South Carolina Senator Lindsey Graham, one of Washington’s most influential Senators and leading experts on military justice, is at the epicenter of this debate. He brings his perspectives on leadership, the debate over torture and terrorism and America’s place in the world to NC State on Oct.17.

Graham, a former military attorney, has stepped into the center of the debate, which has, at times placed him at odds with the Bush Administration. In a polarized political atmosphere in which compromise is often a casualty, Graham’s ability to build bridges, work the middle, and provide leadership will be essential to developing solutions that meet security concerns consistent with our system of American justice, and preserve our moral authority in the world.

Last year, against the wishes of the Bush administration, Graham was one of the key forces in helping pass a ban on torture. More recently, he has raised questions about the judicial nomination of the Pentagon general counsel who helped write a memorandum that defined torture only as treatment that causes pain similar to death or major organ failure. Instead of supporting the position that terrorists deserve no legal or human rights, Graham has championed the Geneva Convention.

In a recent New York Times interview, Sen. Graham said, “What I'm trying to do with my time in the Senate during this whole debate we're having is to remind the Senate that the rules we set up speak more about us than it does the enemy. The enemy has no rules. They don't give people trials, they summarily execute them and they're brutal, inhuman creatures. But when we capture one of them, what we do is about us, not about them. Do they deserve, the bad ones, all the rights that are afforded? No. But are we required to do it because of what we believe? Yes.”

Graham is a native South Carolinian and the first in his family to get a college degree. He logged six-and-a-half years of service on active duty as an Air Force lawyer and also serves in the South Carolina Air National Guard. He was elected to the House of Representatives in 1992 and the Senate in 2002. Graham serves on four committees in the U.S. Senate: Armed Services, Judiciary, Budget, and Veterans Affairs.

Graham draws on his experience of growing up in the South Carolina textile town of Central, of losing both his parents when he was barely into his 20s and adopting his sister, and serving as a lawyer in military courts.

From 1984-1988, he was assigned overseas and served at Rhein Mein Air Force Base in Germany. Upon leaving the active duty Air Force in 1989, Graham joined the South Carolina Air National Guard where he served until his election to the U.S. House of Representatives in 1994.

During the first Gulf War, he was called to active duty and served stateside at McEntire Air National Guard Base as Staff Judge Advocate where he prepared members for deployment to the Gulf region. His duties included briefing pilots on the law of armed conflict, preparing legal documents for deploying troops, and providing legal services for family members of the South Carolina Air National Guard. He received a commendation medal for his service at McEntire.

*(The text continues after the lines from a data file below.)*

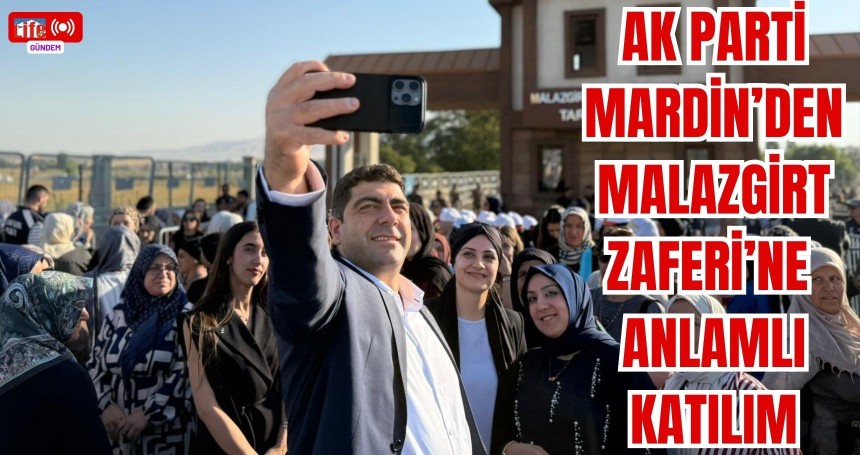 AK Parti Mardin’den Malazgirt Zaferi’ne Anlamlı Katılım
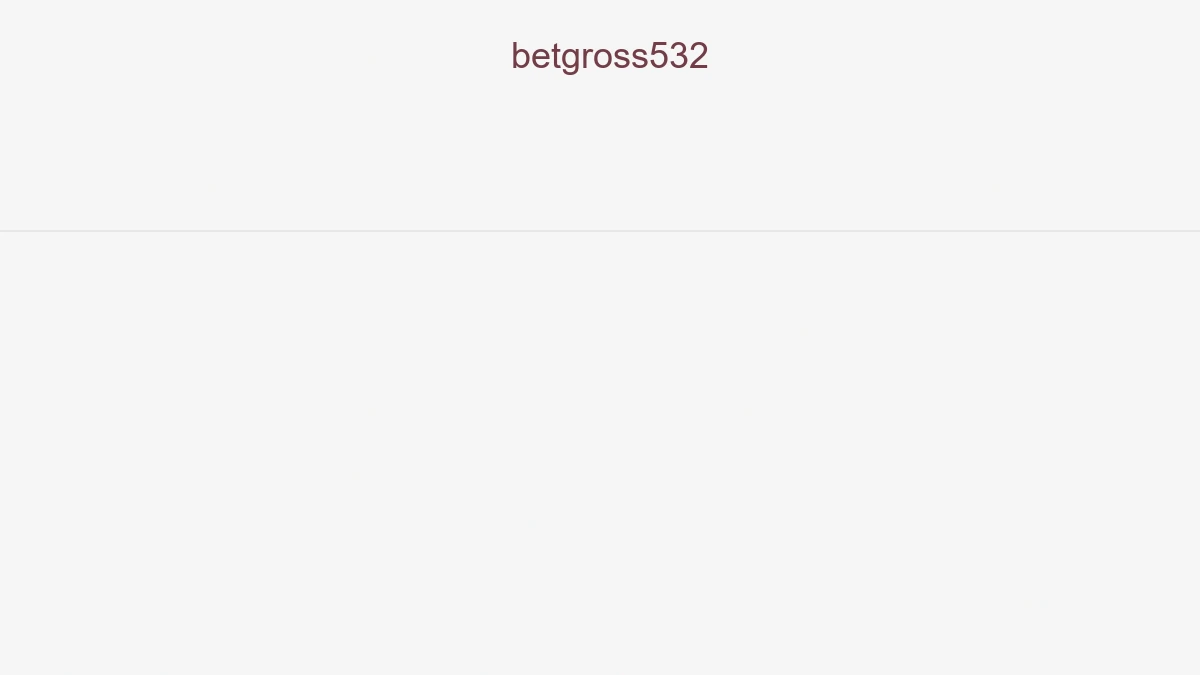 Betgross532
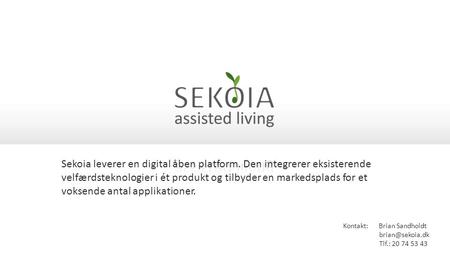 Sekoia leverer en digital åben platform. Den integrerer eksisterende velfærdsteknologier i ét produkt og tilbyder en markedsplads for et voksende antal.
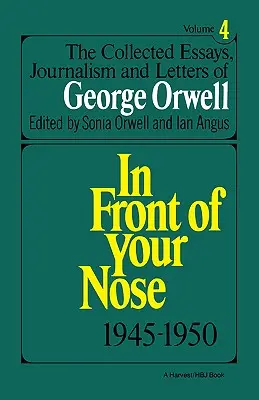 Sborník esejů, publicistiky a dopisů George Orwella, sv. 4, 1945-1950 - Collected Essays, Journalism and Letters of George Orwell, Vol. 4, 1945-1950
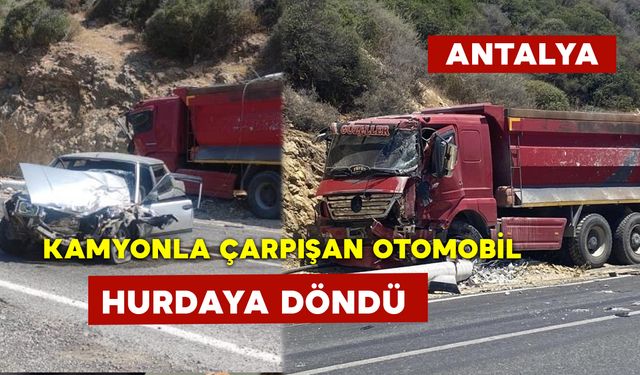 Kamyonla Çarpışan Otomobil Hurdaya Döndü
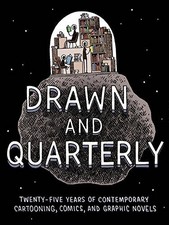 DRAWN & QUARTERLY: TWENTY-FIVE YEARS OF CONTEMPORARY By Tom Devlin - Hardcover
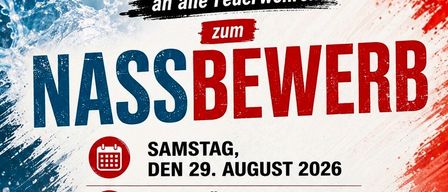 Ein Einladungsposter für einen Wasserwettbewerb für Feuerwehrleute, geplant für den 29. August 2026 um 14:00 Uhr im Rusthaus in Weitersfeld an der Mur. Das Poster hat ein rotes und blaues Farbschema mit Wasserspritzeffekt und enthält ein Logo.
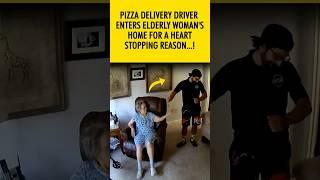 Pizza Delivery Driver Enters Elderly Woman's Home for a Heart-Stopping Reason..! #shorts #liifestory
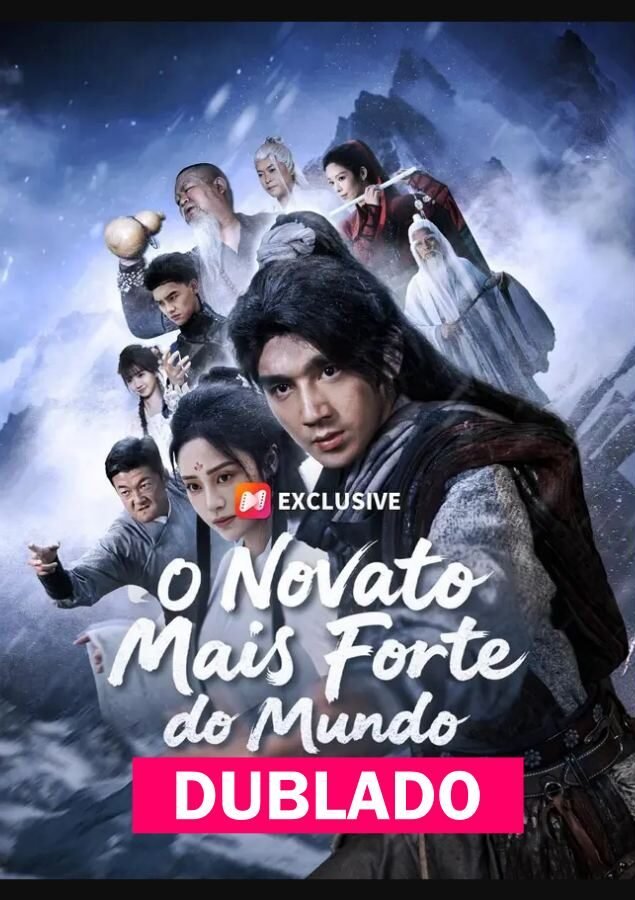 Assista O Novato Mais Forte do Mundo DUBLADO em Português online Grátis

Since 1995, Graham has served in the U.S. Air Force Reserves and is the only senator currently serving in the Guard or Reserves. He is a colonel and is assigned as a Reserve Judge to the Air Force Court of Criminal Appeals.

Previous Speakers:

Upcoming Speakers
Media Clips
Selected Highlights
Speaker: US Senator
Lindsey Graham
Clip 1
"So we are at war with a concept, which is different than every other war. But it is a war nonetheless to me."
Clip 2
"What brought me here today is my effort along with my colleagues and the administration and others to try to figure out how to create legal infrastructure to fight the war on terror."
Clip 3
"The idea that I wanted to make sure that I wanted to make sure that the law of armed conflict applied in a meaningful way to this war has created a bunch of political grief for me at home, because people don’t understand."Clip 4
"Now high ground here is the moral high ground. That means you will do things differently than your enemy or suffer the consequences, I believe."
Clip 5
"The other consequence is putting together a work product based on revenge, not your own values."
Clip 6
"If we capture someone and we believe them to be an enemy combatant, who makes the decision as to whether or not they are in fact an enemy combatant?"
Clip 7
"One of the fundamental problems we have made after 9-11 is that the executive branch, the Bush administration, has taken a view that the Commander in Chief, Article II under the Constitution, Powers of the Commander in Chief, trump every other branch."
Clip 8
"Because we were hardheaded and we didn’t sit down and work between the Executive and Legislative branch to deal with this problem, the Courts intervened."Clip 9
"It is foolish to let someone go who is committed to going back to the right and killing you."
Clip 10
"We have let people go who want to kill us and we have kept people there who should never have been sent there to begin with."
Clip 11
"We’re about to show the world, in a couple of months, how we’re different. And what goes on at Guantanamo Baywill be an exercise in democracy to its fullest."
Clip 12
"And the day that you have a system where powerful people are not required to give, is a dangerous day for America."

View Transcript
of Senator Graham's speech.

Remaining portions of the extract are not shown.